Chris Mantle ANutr, Senior Food and Health Development Worker, is our guest blogger this week. Chris is a member of our cooking skills study group and runs regular cooking courses for Edinburgh Community Food. Chris gives his thoughts on the benefits of not always being the perfect cook when running community cooking courses.

‘Having grown up – essentially an 80’s child – on a diet of frozen burgers, oven chips and peas, proper cooking seemed like an impenetrable dark art. On the rare occasions I saw a cookery programme on the telly it all looked very precise, with funny little spoons for measuring things, scales for weighing, enormous sharp knives and mathematically precise timings and temperatures. My grandmother’s kitchen was no more inviting and seemed to be from a bygone era. It had various implements which looked medieval and warlike: meat pulverisers, a mincing machine, carvers, machetes, an antique tin opener that had to be hammered into the tin and, sometimes, a terrifying enamel bowl full of blood and offal. Between the telly programmes and my Nan’s intimidating kitchen I was really put off cooking. My own abilities extended no further than baked beans on toast, burgers and oven chips but this kept me well enough fed so why bother with the rest of it?

This changed when I left home for university.
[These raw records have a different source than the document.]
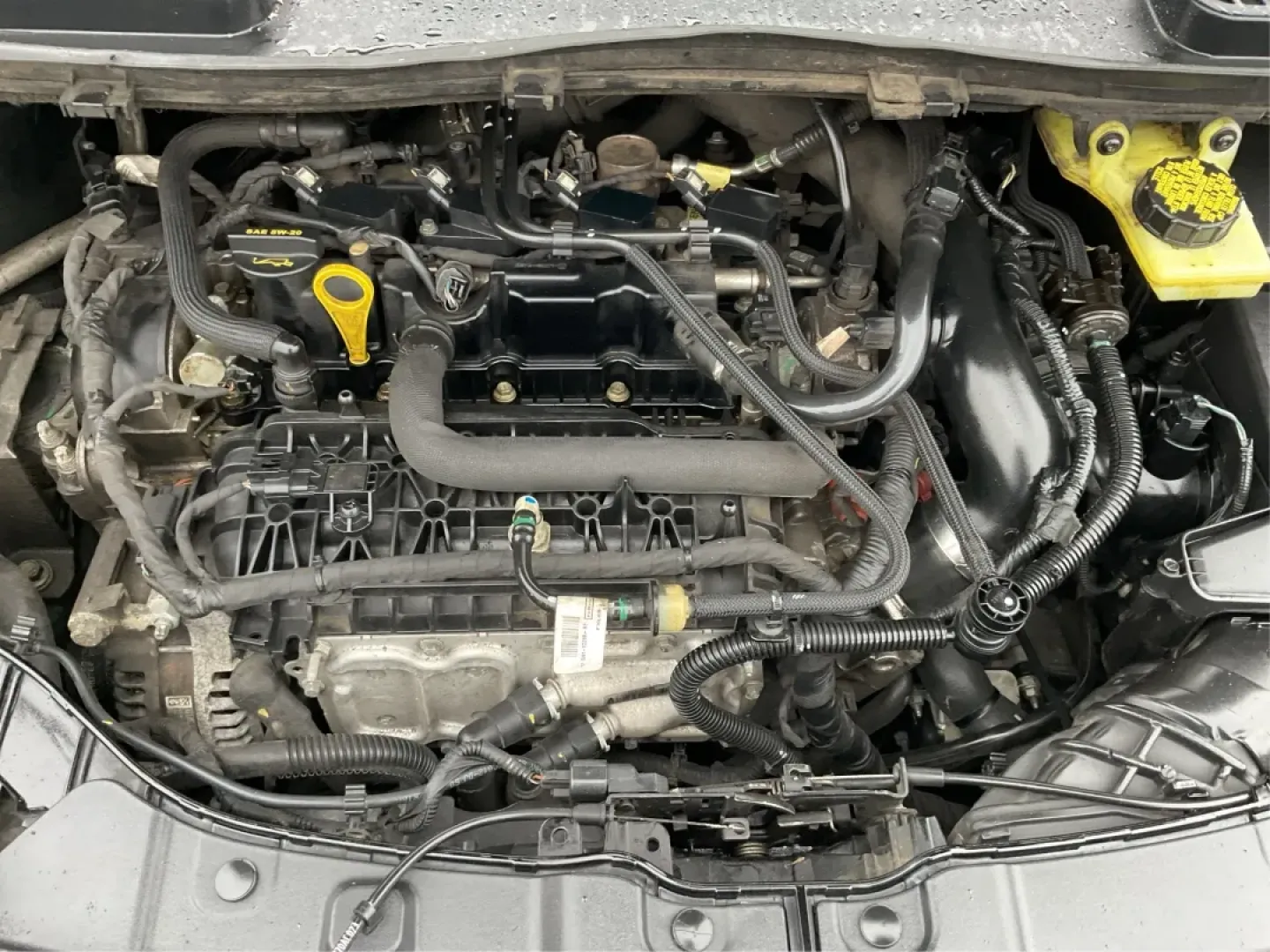 2019 Ford Escape SE (1FMCU0GD1KU) with an Other engine, located at 4508 South Dixie Dr, Moraine, OH, 45439, (937) 908-9800, 39.689976, -84.218452 - **Elevate Your Commute and Adventures with the 2019 Ford Escape SE at Advantage Car and Credit - Moraine!**<br /> <br /> Are you ready to enhance your daily commute or embark on memorable weekend adventures? Look no further than this stunning **2019 Ford Escape SE**, located at **Advantage Car and C - Photo#11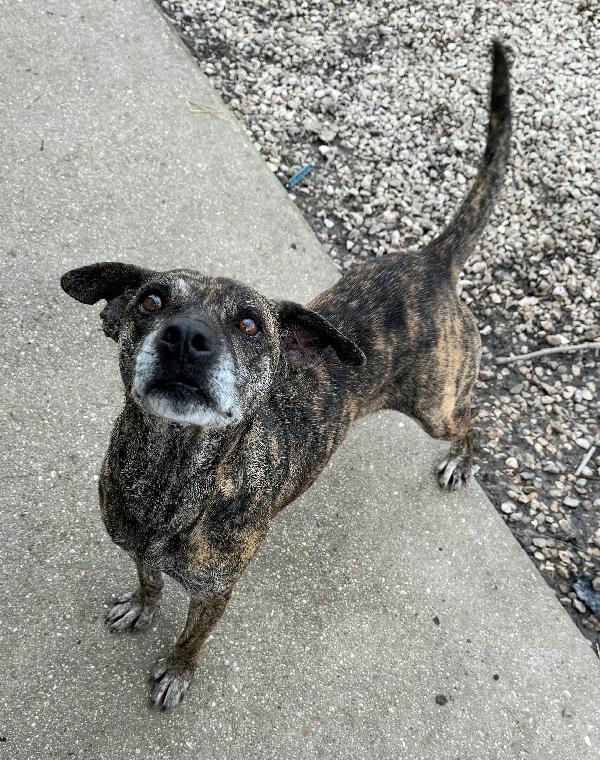 Anissa 7 anni Taglia media piccola  Foto 6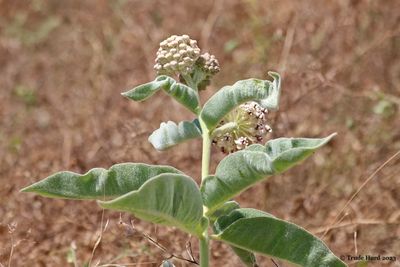 Woolypod milkweed 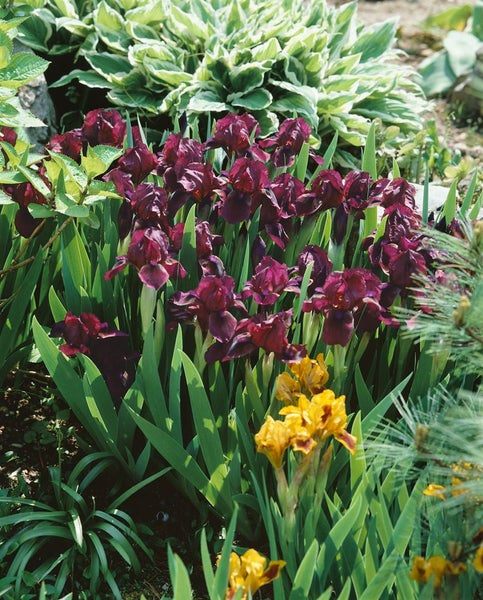 Iris x barb.-nana 'Cherry Garden', Zwergiris, rotviolett, ca. 9x9 cm Topf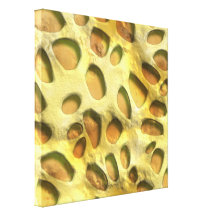 Golden Jungle Print Gallery Wrap Canvas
It was, of course, the love and guidance (exasperation, more like) of a good woman plus suddenly having to pay for my own shopping that got me over my recalcitrance. Fast forward twenty-odd years and everything is different: I cook from scratch most days and I’m not scared of it or of experimenting, nor – and I think this is important – am I worried about making a mess of things. I would never claim to be a good cook but I enjoy the process and usually (not always) enjoy the grub I’ve made.

I think one of the important things that community cooking courses do is break down this notion that cooking is an off-putting science requiring a wealth of arcane knowledge, incredible precision and forensic knife skills. Who hasn’t watched participants gingerly sprinkle minute amounts of cumin into a teaspoon as if it’s radioactive, before nervously asking: is that too much? Or people painstakingly chopping veg into identical and perfect tiny little pieces? Or who has been told: I tried to make that chicken curry last night but couldn’t as I didn’t have any chicken?

In our cooking groups we discuss things like adapting recipes and ingredients to what’s available. No chicken? No problem: here are other ideas. Or: what can we make out of the random ingredients from the back of the cupboard? Chopping? Any old how will do (as long as it’s safe!). Or with spices: always encouraging participants with a ‘don’t be shy, it’s not arsenic!’

But I also think that making mistakes, yes mistakes, is important. At the start I let the group know: “Yes, I like cooking and I do it most days. But I’m no chef, I just like doing it. I make mistakes, I burn my food and sometimes it’s just not very nice. And that’s fine….” OK, so TV chefs never make mistakes (apart from in hygiene but that’s another blog…). The rest of us are, however, human and have no need of or desire to be a perfectionist. Part of putting a group at ease is being not only approachable and welcoming but also human and fallible. Most weeks I’ll forget some core ingredient: I’ve left the meat in the fridge at work; I’ve brought an empty spice jar; the recipes are still sitting in the photocopier. The challenge for the group – generally after a chuckle or eye roll at my expense – is how do we adapt? Because at home when we cook more often than not adapt we must.

And then there’s the rice. Having had a rice cooker for years I have completely lost the ability of cooking rice without either burning it or turning it into porridge. There has been more than one apology to the group!

The message is: cook, experiment, make mistakes, muck-up sometimes but mostly: don’t worry and have fun! What’s important is that we don’t get hung up on precise measurements, following recipes to the letter, missing out ingredients or completely messing-up from time to time. Being an amateur isn’t an excuse to avoid cooking: it’s a reason to relax and enjoy ourselves.’